2.       To assure our country’s freedom, the government should be able to spy on its citizens.

3.       Patriotism means supporting your government during times of war.

4.       Torture of a person who is a threat to our country’s freedom is acceptable as long the person does not die.

5.       People who are a serious threat to the government should be able to be held in prison without being charged.

6.       The government has a right to know what people are reading so they may determine who might be a threat.

7.       Society would be safer if we had security cameras in public places to catch potential criminals.

8.       For an idea to exist, we must have words to express it.

9.       Reporters should submit their work to government officials so they may determine if it’s a threat to the country.

10.   The only way to prepare for peace is to be prepared for war.

Homework: Read and annotate chapter 1 of 1984 and write two inferential discussion questions in your notebook for tomorrow's discussion.

Inferential questions are questions that do not necessarily have a single, clear answer, but rather they require us to make inferences, to read between the lines, in order reach possible answers which can be supported by a mix of our reasoning and textual evidence.

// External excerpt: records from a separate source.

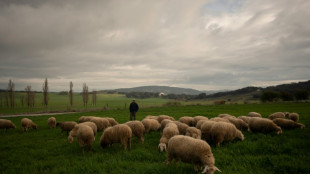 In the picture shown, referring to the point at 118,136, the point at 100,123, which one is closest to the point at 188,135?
the point at 118,136

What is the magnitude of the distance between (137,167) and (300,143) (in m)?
7.93

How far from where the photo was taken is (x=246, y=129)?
37.9ft

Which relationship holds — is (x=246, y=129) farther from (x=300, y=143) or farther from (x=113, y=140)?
(x=113, y=140)

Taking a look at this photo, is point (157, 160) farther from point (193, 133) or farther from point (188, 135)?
point (193, 133)

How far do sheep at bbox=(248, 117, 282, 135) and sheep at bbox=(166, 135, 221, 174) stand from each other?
6.83m

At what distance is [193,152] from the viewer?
5340mm

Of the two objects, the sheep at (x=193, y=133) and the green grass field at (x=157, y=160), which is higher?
the sheep at (x=193, y=133)

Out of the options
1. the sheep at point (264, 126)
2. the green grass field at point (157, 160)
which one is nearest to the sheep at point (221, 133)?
the green grass field at point (157, 160)

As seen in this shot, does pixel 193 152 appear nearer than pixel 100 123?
Yes

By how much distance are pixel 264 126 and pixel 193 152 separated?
24.1 feet

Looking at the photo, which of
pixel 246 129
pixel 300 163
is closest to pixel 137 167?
pixel 300 163

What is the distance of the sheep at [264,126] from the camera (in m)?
9.73

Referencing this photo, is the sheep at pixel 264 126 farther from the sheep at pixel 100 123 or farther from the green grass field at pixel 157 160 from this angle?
the sheep at pixel 100 123

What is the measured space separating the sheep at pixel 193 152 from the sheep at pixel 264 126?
6.83 m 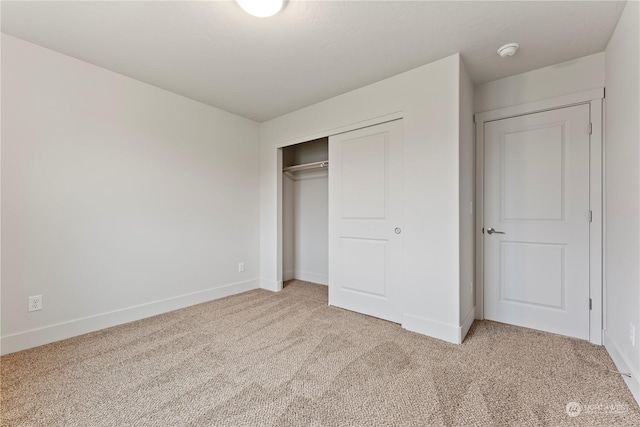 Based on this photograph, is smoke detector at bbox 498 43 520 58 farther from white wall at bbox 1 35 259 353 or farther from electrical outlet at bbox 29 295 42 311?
electrical outlet at bbox 29 295 42 311

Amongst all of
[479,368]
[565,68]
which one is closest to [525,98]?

Three examples of inferential/interpretive question clusters from novels: 

Format for interpretive questions

1) Find and quote a passage which raises a question in your mind.  Include the page #

2) Write your question.

"He was familiar with that hollow feeling. He remembered it from the nights after they had buried his mother....the empty space of loss, regret for things which could not be changed." (73) How has this hollow feeling from Tayo's past returned to him? What do you think caused it? Do you believe that the empty feeling described is worse now than it was in the past? Why would this be?

‘When we gaze at the night sky’ he says, ’we are looking at fragments of the past.’  What does Stephen mean by this? Also, could that phrase (and some of what follows it) be relevant in some way to Elaine’s life as well?

1.  “After he has gone back, to wherever he’s going next, I think of getting him a star named after himself, for his birthday.  I have seen an advertisement for these: you send in your money, and you get a certificate with a star map, your own marked on it.  Possibly he would find this amusing.  But I’m not sure the word birthday, for him, would still have meaning (363).”  What might Elaine mean with this cryptic comment about the word “birthday”?  Is this comment connected to his speech on the universe?  Is the “star” as a “birthday” present significant in a symbolic way, or just something a theoretical physicist might like?